WARNING, this is completely incorrect for 3 reasons. First of all, theta is 60, deg. not 30 deg. T1 = 1/sin Theta * 100n = 115N T2 = (90 – theta) tan * 100N = 57.7N

thnx sir

I was never able to solve complicated tension problems befor watching this👍

Great intro

my calculator was in radian and i was about to commit because i kept getting different answers

for some reason, Im not rlly fond of khan acdemy

9,81kg/cm^2

Hey, can anyone explain why when something is accelerating down, you subtract that acceleration from gravity in the equation of tension?

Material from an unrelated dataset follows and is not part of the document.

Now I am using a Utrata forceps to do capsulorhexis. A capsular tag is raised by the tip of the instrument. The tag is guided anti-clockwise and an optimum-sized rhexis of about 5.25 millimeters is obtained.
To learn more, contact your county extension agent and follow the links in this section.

LOL. that is definitely not 30 degrees that is at least 60 or 70

of course tyler1 has to carry everything

11 years ago , wow thats older than many people and things lol

I’m heading over right now to fix that gap in the green line

When I start making money with the knowledge I have gained from watching your channel, I will donate to Khan Academy.

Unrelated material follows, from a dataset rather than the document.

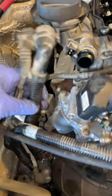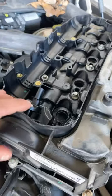It's hot. Plastic gets brittle when it's hot. BMW loves plastic — plastic absolutely everything.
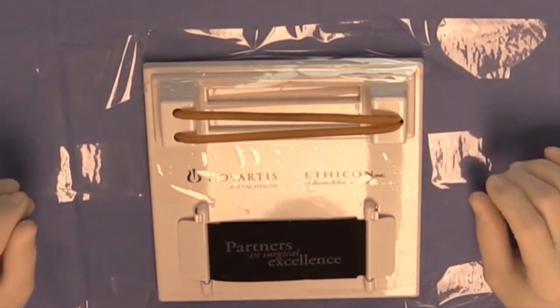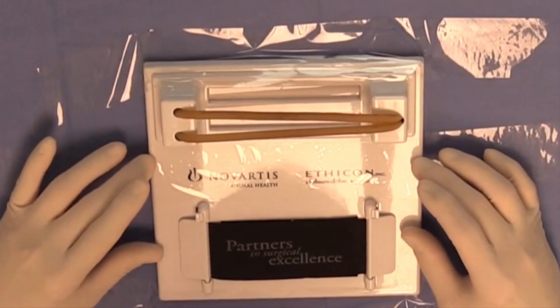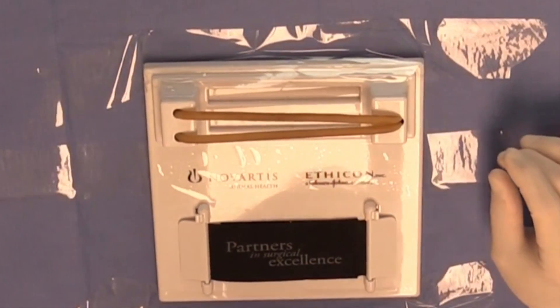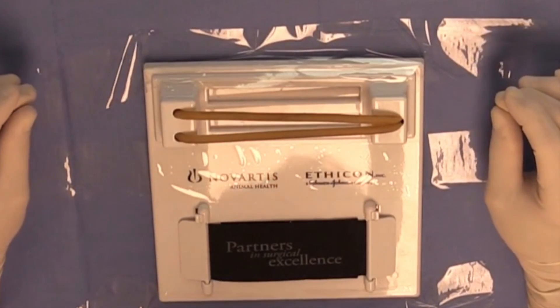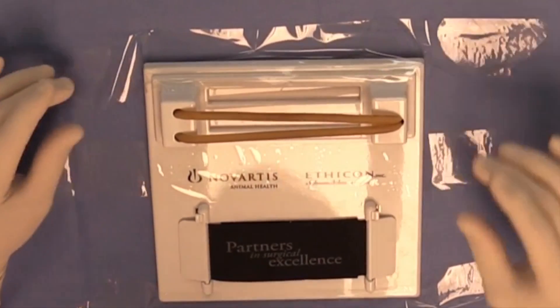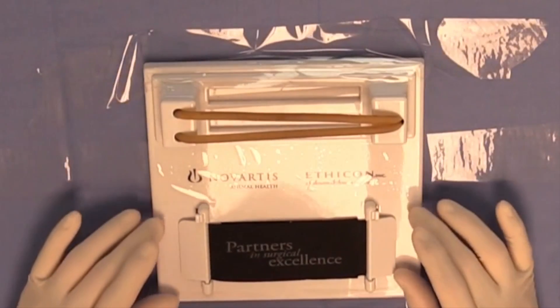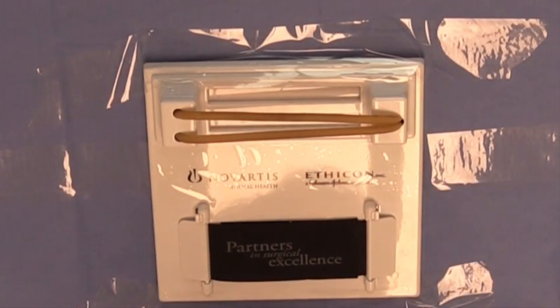What you see in front of me right now is the Ethicon Knot Board. In surgical principles, every student will be provided or loaned an Ethicon Knot Board at the beginning of the course, and then it's returned to us at the end of the course. This Knot Board is primarily where you are going to practice your hand ties, but it can also be used for practice with suture techniques.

when the string breaks will the particle move a distance before hitting the ground, please I need a quick answer

anybody else notice that the intro to this video compared to the ending of the last sounded like Sal was recording in his closet trying not to wake up his wife and kid XD. This guy is seriously incredible though.

Thx teacher khan

Or By gravity and anti Gravity haha, Gravity is a product of tension, Tension is not only the force of a string but of a plane also the plane of space and time

this video made me realize this was really the easiest thing ever but why did it seem like such a messy and horrible thing to learn during class…. lol

I'm watching this and my midterm exam is tomorrow

2019 ANYONE??

Why can't we say mg cos 60° = T1?

Dear god…. this quality is so bad lol Thats how you know it's from 2008.